Valley News Staff Writer
Published: 2/14/2019 10:17:33 PM
Modified: 2/14/2019 10:17:45 PM

Norwich residents will vote on school-related articles from 7 a.m. to 7 p.m. on Tuesday, March 5, at Tracy Hall. The floor meeting is scheduled for 7 p.m. on Monday, March 4, also at Tracy Hall. The Hanover School District’s annual discussion meeting is at 5 p.m. on Thursday, Feb. 28, in the Hanover High School auditorium, and the combined Dresden meeting will follow at 7 p.m. Hanover residents will vote on school warrant articles from 7 a.m. to 7 p.m. on Tuesday, March 5, in the Hanover High gym.

HANOVER — Dresden voters next month will decide budgets for their combined school system that could result in a 3.5 percent school tax rate increase in Hanover and a 2.5 percent decrease in neighboring Norwich.

They also will be asked to approve two collective bargaining agreements and plans to replace the playing field at Hanover High School. There are no contested School Board races in either town.

The proposed budget for the Dresden School District, which oversees Hanover High School and Richmond Middle School, is $26.8 million, a 1.2 percent increase over the current school year.

The proposed budget for the 2019-20 school year for the Hanover School District, which runs the Ray School and pays tuition for sixth-graders attending the Richmond School, is $14.5 million, including all warrant articles. That amounts to a 1.79 percent, or $256,852 increase, for the coming year.

Officials predict the spending plan, together with the assessment to Hanover residents from the Dresden budget, would lead to a 41 cent increase per $1,000 of valuation to the tax rate, if all other articles pass.

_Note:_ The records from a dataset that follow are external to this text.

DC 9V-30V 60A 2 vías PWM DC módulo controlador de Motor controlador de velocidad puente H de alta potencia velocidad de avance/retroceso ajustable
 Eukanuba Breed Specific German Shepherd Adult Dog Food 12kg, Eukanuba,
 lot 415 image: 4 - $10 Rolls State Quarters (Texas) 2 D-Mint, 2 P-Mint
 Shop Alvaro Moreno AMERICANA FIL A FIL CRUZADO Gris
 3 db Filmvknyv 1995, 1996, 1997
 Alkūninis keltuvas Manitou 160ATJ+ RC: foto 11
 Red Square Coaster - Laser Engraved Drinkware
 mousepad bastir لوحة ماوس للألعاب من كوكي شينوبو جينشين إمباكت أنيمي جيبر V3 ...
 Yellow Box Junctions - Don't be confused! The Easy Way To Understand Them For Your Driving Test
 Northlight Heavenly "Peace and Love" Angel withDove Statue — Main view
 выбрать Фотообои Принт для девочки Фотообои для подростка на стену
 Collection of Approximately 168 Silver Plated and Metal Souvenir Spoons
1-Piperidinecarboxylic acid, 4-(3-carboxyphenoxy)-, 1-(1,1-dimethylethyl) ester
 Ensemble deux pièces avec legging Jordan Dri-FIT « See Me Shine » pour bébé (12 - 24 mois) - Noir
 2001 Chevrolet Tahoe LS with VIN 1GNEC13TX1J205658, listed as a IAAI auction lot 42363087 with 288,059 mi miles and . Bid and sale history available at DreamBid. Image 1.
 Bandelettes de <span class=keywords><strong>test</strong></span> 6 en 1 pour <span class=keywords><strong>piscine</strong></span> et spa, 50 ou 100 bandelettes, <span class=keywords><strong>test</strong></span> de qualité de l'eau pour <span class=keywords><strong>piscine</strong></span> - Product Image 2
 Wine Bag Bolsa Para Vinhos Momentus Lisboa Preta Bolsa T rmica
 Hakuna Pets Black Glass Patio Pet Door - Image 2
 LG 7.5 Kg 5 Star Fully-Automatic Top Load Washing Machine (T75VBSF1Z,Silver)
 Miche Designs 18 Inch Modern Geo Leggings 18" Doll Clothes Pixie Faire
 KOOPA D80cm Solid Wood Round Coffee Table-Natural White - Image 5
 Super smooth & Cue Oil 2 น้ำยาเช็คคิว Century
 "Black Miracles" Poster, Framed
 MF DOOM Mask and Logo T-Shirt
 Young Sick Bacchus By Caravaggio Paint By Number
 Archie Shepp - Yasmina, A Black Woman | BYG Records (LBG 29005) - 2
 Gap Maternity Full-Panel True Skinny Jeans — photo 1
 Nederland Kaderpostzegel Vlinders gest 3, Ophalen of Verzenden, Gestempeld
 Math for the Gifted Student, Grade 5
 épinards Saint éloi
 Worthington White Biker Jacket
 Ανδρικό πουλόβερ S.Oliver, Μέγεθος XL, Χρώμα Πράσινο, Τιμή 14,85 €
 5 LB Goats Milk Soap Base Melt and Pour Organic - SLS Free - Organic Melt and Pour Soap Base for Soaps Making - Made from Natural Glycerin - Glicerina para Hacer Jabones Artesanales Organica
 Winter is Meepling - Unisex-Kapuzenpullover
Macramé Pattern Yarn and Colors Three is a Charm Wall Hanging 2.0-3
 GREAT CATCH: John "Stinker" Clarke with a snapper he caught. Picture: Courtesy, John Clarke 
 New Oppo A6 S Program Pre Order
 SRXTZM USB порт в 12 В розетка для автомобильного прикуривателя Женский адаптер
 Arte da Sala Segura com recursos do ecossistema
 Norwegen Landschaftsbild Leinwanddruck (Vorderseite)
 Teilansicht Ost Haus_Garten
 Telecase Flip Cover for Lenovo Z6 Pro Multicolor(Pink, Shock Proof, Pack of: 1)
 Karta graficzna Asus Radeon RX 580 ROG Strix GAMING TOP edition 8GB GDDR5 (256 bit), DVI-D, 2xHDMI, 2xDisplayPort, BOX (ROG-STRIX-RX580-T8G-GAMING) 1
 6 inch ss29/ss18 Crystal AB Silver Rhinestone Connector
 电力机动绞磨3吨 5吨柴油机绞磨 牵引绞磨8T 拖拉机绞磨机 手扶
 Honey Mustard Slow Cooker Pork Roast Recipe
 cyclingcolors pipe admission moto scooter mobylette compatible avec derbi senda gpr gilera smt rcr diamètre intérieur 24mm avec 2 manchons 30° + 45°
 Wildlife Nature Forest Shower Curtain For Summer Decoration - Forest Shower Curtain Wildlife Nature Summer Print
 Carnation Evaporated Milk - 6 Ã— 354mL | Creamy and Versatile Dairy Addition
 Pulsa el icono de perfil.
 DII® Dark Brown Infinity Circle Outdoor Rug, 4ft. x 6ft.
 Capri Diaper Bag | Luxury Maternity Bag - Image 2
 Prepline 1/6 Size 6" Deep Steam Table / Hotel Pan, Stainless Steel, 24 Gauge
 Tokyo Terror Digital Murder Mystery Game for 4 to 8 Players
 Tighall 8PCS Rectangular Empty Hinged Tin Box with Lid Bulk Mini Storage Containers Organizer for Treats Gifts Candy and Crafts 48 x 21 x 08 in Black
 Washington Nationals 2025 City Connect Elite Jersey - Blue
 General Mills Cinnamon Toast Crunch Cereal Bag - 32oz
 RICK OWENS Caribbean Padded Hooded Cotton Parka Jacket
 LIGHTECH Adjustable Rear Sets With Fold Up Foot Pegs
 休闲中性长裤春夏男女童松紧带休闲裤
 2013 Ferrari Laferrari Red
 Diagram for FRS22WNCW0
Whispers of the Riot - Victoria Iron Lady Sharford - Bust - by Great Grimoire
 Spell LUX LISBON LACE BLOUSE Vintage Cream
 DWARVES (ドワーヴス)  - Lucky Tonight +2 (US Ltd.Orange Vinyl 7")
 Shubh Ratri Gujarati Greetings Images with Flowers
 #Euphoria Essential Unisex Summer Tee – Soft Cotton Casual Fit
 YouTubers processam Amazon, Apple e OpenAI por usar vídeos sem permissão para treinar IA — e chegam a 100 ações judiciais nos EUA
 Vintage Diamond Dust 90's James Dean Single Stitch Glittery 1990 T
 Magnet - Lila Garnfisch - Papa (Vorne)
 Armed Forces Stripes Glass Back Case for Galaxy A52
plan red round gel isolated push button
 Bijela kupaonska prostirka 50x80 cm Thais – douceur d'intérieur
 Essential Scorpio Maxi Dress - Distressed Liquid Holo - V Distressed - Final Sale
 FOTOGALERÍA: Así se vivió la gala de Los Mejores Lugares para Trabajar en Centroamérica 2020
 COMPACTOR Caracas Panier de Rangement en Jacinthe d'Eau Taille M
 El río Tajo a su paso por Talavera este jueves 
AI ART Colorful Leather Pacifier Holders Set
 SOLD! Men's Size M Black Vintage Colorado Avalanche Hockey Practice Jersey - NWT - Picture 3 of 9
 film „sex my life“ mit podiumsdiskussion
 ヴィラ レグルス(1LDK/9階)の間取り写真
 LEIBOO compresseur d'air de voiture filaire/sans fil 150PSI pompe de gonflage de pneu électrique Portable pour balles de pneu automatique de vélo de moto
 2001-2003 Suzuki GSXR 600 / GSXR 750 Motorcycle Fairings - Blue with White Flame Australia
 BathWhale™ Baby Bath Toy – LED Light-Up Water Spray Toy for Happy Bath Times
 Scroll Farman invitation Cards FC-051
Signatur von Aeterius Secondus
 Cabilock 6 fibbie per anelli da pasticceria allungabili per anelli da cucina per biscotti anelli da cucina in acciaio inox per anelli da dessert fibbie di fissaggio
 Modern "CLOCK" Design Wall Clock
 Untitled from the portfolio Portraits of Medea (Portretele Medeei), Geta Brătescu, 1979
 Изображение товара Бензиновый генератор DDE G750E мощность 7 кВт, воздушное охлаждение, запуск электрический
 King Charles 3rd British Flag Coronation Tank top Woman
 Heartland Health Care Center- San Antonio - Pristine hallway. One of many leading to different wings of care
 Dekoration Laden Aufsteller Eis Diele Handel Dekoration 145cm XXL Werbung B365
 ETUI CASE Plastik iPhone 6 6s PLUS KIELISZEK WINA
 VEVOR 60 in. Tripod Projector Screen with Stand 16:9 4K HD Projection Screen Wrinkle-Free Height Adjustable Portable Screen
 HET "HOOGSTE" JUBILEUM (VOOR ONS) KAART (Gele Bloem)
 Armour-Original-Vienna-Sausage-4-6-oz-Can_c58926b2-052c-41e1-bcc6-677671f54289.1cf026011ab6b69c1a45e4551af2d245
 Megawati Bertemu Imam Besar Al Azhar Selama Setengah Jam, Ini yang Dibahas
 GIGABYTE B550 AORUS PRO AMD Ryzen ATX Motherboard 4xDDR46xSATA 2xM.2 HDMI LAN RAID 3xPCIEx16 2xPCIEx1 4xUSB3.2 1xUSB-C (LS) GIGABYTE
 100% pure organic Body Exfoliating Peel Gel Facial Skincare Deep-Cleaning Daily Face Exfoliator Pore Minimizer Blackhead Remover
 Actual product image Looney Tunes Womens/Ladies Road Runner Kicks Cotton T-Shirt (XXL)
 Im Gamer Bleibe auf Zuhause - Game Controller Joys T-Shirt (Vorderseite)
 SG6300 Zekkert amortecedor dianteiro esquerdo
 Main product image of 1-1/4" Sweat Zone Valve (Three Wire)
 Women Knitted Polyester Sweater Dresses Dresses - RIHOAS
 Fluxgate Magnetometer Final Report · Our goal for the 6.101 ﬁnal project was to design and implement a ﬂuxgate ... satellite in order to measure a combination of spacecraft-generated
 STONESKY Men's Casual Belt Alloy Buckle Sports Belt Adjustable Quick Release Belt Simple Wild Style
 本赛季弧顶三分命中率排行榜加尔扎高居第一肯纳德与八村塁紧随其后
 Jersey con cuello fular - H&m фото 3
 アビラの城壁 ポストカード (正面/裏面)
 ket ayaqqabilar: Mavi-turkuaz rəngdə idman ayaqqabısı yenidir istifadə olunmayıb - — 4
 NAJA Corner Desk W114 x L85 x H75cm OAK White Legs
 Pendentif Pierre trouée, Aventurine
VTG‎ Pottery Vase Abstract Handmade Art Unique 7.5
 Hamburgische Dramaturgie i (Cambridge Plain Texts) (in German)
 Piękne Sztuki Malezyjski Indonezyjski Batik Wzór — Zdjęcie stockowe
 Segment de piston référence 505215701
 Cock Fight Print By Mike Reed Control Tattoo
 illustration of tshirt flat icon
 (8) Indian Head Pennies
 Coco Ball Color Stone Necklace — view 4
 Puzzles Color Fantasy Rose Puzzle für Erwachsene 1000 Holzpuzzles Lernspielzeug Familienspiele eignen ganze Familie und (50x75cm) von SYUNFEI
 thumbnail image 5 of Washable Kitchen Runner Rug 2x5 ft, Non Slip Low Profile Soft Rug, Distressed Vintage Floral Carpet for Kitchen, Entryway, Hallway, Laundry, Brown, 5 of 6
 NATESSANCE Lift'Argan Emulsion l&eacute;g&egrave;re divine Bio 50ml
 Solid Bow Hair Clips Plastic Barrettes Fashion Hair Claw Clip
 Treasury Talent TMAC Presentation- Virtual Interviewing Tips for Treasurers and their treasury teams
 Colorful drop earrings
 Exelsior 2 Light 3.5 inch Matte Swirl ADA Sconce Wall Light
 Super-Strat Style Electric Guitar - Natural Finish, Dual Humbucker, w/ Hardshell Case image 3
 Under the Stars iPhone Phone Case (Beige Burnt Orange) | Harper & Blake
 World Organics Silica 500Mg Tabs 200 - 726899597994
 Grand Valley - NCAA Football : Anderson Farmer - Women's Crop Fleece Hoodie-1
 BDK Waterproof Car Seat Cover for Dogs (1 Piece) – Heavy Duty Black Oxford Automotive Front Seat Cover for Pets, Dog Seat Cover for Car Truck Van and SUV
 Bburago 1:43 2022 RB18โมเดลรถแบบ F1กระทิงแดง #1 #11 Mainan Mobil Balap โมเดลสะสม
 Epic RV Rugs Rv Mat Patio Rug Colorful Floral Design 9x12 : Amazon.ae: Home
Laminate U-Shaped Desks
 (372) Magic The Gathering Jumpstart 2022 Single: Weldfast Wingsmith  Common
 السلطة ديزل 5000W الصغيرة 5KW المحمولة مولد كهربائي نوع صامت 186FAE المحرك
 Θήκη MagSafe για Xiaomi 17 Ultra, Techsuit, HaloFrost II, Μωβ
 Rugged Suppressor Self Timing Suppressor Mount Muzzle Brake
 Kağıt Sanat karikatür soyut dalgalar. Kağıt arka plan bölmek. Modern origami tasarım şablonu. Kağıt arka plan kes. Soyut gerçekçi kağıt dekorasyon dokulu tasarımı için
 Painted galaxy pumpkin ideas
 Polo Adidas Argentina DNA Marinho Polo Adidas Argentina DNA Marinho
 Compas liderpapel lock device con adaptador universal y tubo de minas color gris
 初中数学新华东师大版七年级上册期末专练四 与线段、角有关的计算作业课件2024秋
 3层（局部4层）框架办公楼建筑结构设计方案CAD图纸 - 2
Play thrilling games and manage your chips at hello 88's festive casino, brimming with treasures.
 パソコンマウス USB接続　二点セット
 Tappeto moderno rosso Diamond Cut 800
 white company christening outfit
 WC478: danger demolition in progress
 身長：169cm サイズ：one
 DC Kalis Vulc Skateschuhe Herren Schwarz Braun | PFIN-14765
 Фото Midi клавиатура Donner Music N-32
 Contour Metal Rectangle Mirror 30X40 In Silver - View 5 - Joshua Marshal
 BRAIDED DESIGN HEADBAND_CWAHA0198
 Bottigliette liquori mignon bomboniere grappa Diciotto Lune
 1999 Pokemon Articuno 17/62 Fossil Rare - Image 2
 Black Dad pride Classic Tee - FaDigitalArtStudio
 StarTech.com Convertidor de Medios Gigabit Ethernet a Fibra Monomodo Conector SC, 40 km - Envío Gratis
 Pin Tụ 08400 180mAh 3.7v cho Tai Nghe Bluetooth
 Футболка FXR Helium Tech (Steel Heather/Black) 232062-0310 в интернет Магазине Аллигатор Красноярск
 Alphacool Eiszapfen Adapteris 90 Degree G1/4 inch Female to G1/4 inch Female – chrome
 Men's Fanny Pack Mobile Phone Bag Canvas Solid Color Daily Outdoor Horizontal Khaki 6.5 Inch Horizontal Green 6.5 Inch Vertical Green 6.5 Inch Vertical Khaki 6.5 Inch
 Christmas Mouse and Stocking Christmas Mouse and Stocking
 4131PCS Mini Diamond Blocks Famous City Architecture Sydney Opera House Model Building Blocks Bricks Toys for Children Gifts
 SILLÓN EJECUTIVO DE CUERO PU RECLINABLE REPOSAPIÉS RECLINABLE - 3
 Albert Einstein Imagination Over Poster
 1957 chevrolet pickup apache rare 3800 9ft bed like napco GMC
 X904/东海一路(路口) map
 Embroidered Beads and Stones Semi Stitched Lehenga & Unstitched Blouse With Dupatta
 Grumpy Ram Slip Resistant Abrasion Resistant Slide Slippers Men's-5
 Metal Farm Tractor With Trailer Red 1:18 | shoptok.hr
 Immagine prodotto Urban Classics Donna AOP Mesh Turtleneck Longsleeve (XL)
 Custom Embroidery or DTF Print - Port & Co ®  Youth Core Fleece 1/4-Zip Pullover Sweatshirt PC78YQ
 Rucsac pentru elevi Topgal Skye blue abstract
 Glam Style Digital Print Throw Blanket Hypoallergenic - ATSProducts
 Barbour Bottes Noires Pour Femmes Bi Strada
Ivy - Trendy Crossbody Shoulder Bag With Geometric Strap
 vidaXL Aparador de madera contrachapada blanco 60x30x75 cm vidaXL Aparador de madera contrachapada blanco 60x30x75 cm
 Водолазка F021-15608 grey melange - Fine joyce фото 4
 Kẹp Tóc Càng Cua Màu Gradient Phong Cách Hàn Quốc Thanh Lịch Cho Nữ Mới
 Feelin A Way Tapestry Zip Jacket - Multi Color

That translates to $164 in additional taxes on a $400,000 property in Hanover.

The district plans to spend an additional $450,000 to bolster staff at the Ray School, which is expected to see anywhere from 21 to 26 more students next year.

The budget calls for two additional classroom teachers and several part-time educators who specialize in teaching foreign language, art, music and English as a second language. The spending plan also would allow the school to hire three new, part-time special education aides.

Those costs would be offset partially by declining payments for special education and sixth-grade tuition, which together are expected to drop by about $380,000 next year.

Dresden voters also will be asked to approve two collective bargaining agreements, which must be passed on the Hanover and Dresden ballots to take effect.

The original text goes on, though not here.